Thank you for explaining how these viruses work in a way that I can actually understand! That's the first time an explanation has actually clicked in my brain. Needless to say I'm not very learned in computer jargin. Appreciation to you!

reply to post by chasingbrahman


Flame and Stuxnet have similarities that show they are from the same origin. If the files had been left on the computers, then forensics teams could have traced the advancement of the code and had further proof of this.

reply to post by Maxmars


Hi,
I think this has something to do with "the kill switch."

It occurs to me that I am about to ask what many may choose to think of as a very naive question. I suppose it is a matter of perception....

Since the last three noteworthy breakouts, (duqu, stuxnet, and now flame) all have distinctly 'advanced' qualities, ranging from cryptoanalytic, unique "new" code (the so-called "mystery-language"), and cross-platform operation - is it not possible that these packages are in fact machine "AI"-generated?

Anybody know anything about meta-programming decision-making code?

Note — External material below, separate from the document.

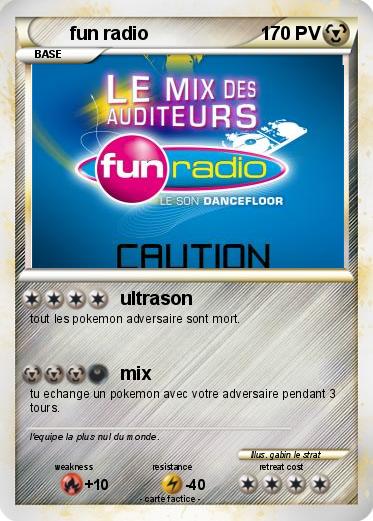 Pokemon fun radio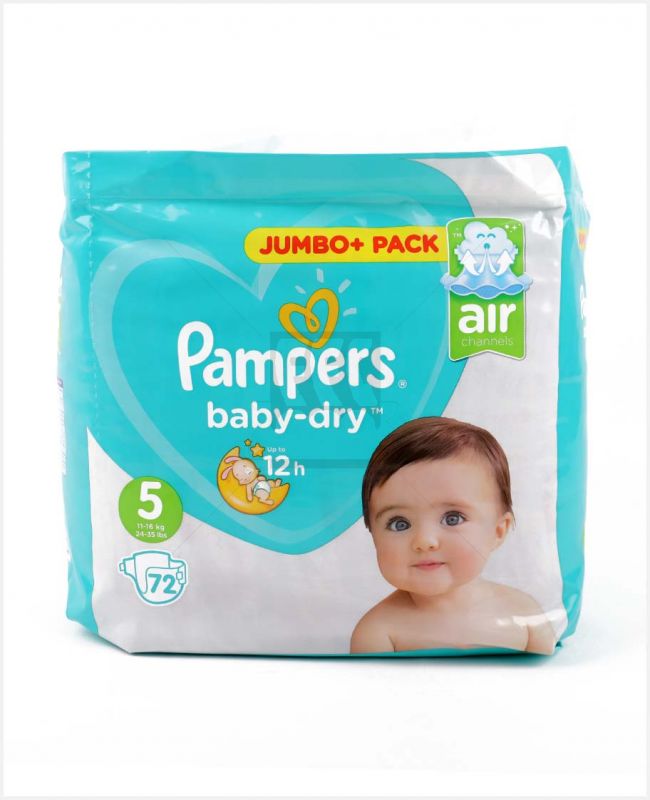 pampers baby dry s5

Originally posted by JBA2848
The problem with the antivirus software is they search through software files and look for files that operate in a certain way that is virus like. The Stuxnet Flame Duqu are not complete files. They are pieces scattered through out the system. None of the pieces are whole. Take the Zip programs that were created to zip files into compressed files. The antivirus programs used to have a hard time searching a zipped file for viruses. But they came out with a program to search within a zipped file. So they began simply zipping files twice. But then they found a way to also look into a zip file that has been zipped up to three times Zip programs then started with a feature to break zip files into multiple pieces and avoided the antivirus scanning. And the antivirus companies still have not been able to create a smart scanner that can unsplit a zipped file and put it back together to look inside. So then when you look at it in this light you start to see why TinyOS is the perfect program for STUXnet Flame Duqu. And TinyOS was created to travel any platform any connection and operates the same way these zip programs have been doing it breaks apart into tiny pieces but still operates as if it is a whole program still. Its a split into multiple pieces and zipped but acts as if it is whole. The anitvirus software has no feature to do anything about it or even find it. The only thing they can do is search for it communicating. But TinyOS is made to operate in the cellphone industry. It operates in burst and waits for normal communication and hides in it to reduce the power it uses. So finding its communication means having to do a complete break down of every communication stream sent out. Very hard and time consuming project to under take.

nescc.sourceforge.net...

edit on 8-6-2012 by JBA2848 because: (no reason given)

Even if the code stream is broken up into a myriad of pieces, there is still a small kernel piece that is systematically accessing those pieces and pipe lining them into the CPU. The CPU will treat the code like any other multi-threaded process. So the detector here needs to be a realtime debugger application that operates at the instruction pointer level, and has access to all the registers.

The software designed to detect Stuxnet and Flame, will be the only code that can access the debugger stream. This has to be bundled in the OS of the host in such a way that it can be turned on, and is an intrisic part of the firmware, so if it supposed to be on, and not running, then nothing runs.

There is nothing a human can make that another cannot tear apart.